GOVERNMENT’S efforts to fight climate change has received  a new boost after the launch of the Tanzania Clean Cooking Project (TCCP) which will provide grants and technical assistance to private companies that are promoting clean cooking solutions in the country.

The project worth 3.7 million US dollars (about 8bn/-) will be run for three years by the Africa Enterprise Challenge Fund (AECF) in support of the Swedish government through its embassy in Tanzania.

Through the operation, the project expects to support between 10 and 15 small and growing businesses that will create around 1,500 new direct jobs.

Speaking during the event, AECF Chief Executive Officer Victoria Sabula said they are expecting to issue the grants  amounting to between 50,000  and  400,000 US Dollars (116.3m/-  and  930m/-) depending on the size of project.

“The aim is to support business and creativity in helping the government and the country in promoting an equal system, combating climate change as well as development at individual and national level,” she said.

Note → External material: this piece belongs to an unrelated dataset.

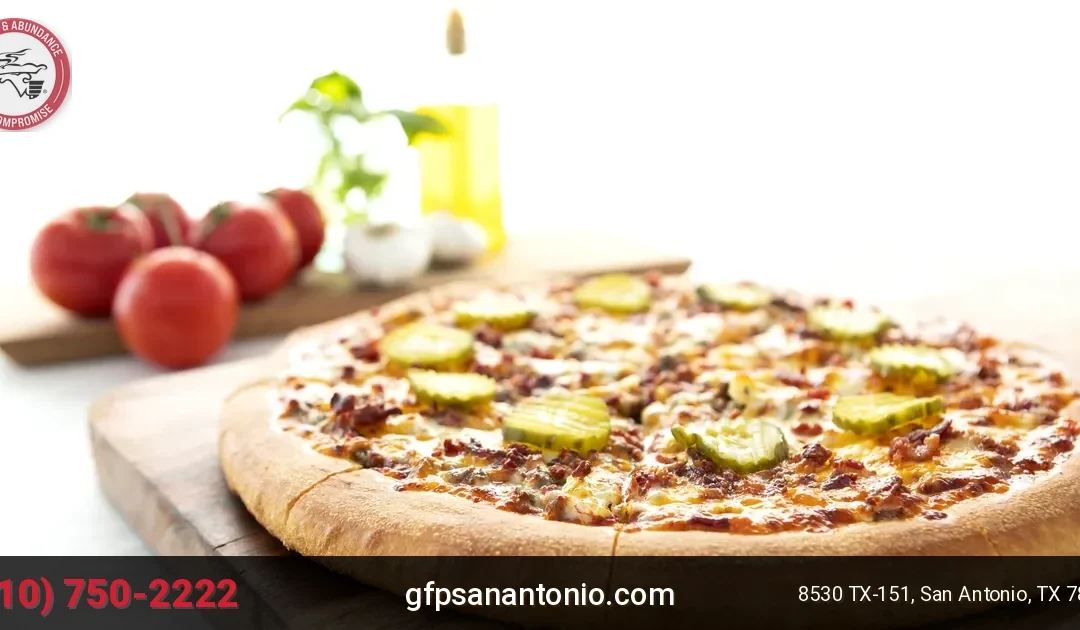 School Event Pizza Catering San Antonio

Attending the event, Permanent Secretary for the Ministry of Energy Eng Felchesmi Mramba said the initiative complements the government’s determination to provide sustainable, adequate, reliable and affordable energy for all.

“The government through Tanzania National Development Vision 2025 recognises that the energy sector is an enabler and is vital for the stimulation of local and foreign investment to create wealth and income-generating activities,” he said.

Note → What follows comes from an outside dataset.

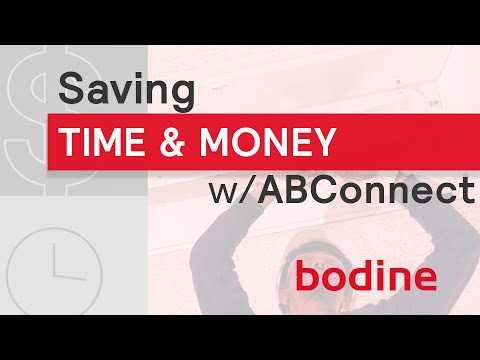 Bodine ABConnect explained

He explained that the government through Rural Energy Agency (REA) has also developed a cooking energy master plan with the aim to guide efforts   related to access to improved and clean cooking options in rural areas.

“The ministry has set an ambitious plan of transitioning more than 70 per cent of the population to modern solutions by 2030, and to achieve this, we need an exponential increase in investments in the sector,” he added.

Eng Mramba was optimistic that the programme will help to accelerate the adoption of clean solutions by rural and marginalised communities in urban and peri urban areas across the country.

On his part, Head of Cooperation at the embassy of Sweden in Tanzania Sandra Diesel said the financing aims to de-risk companies to venture into underserved markets and enhance affordability of clean cooking solutions for at least 60,000 households.

“We believe the fund can help to develop new sectors and we are convinced that the private sector has a lot to contribute both financially and in terms of innovative capacity,” she said.

According to her, the initiative will help to reduce the deforestation level that stands at an average of 460,000 hectares per year.

Over the course of 13 years, AECF has supported over 375 businesses in 26 countries in Sub-Saharan Africa, impacted more than 30 million lives, created over 27,000 direct jobs, and leveraged 771 million US dollars in matching funds.